USP: An introduction to the Unix pipe
2011-09-23 00:35, written by Eric WongThe Unix pipe is the first example of an anonymous file we will cover.
Unlike regular files and directories, anonymous files do not exist on the filesystem and do not persist across reboots. Only the process that creates the anonymous file (and its descendants) can access anonymous files. Anonymous files only persist until the last process using it closes it.
At its heart, the Unix pipe is just like a pipe in plumbing, a one-way buffer for transporting payload from one end to another.
It is implemented as a circular ring buffer in the kernel:
user space | kernel space
-----------------------------------------------
|
data in --> fd[writer] ->- file[writer] -->\
| \
| [buffer]
| /
data out <-- fd[reader] -<- file[reader] <--/
|
The buffer is created by the pipe(2) system call and persists until both files are closed.
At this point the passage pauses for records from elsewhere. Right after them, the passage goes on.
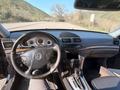 Mercedes-Benz E 500 2003 года за 6 200 000 тг. в Алматы – фото 35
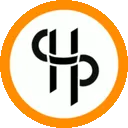 HPS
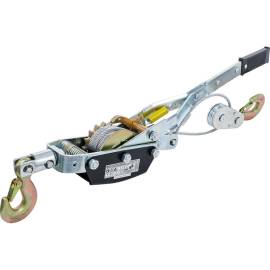 Sangles d Arrimage 1000 daN - 148x104x698 mm - Résistantes et Sécurisées - - BGS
In Ruby, the IO.pipe method calls pipe(2) and returns an array of two Ruby IO objects, a reader and writer:
reader, writer = IO.pipe # kernel creates internal buffer
Writing can be accomplished by making the write(2) syscall, the writer IO object should default to IO#sync=true at creation.
writer.write("HELLO")
Reading can be accomplished by making the read(2) syscall.
reader.read(5) # => "HELLO"
Finally, the kernel memory for the buffer is released after both file objects (through file descriptors and IO) are closed:
writer.close
reader.close
# Kernel frees the buffer
As with regular files, pipes operate on byte streams and leaves higher-level functionality (like encoding) to user space.
Pipes also have important atomicity requirements standardized by POSIX. Given the importance of pipes in Unix programming, we will revisit and give pipes much more coverage in the future.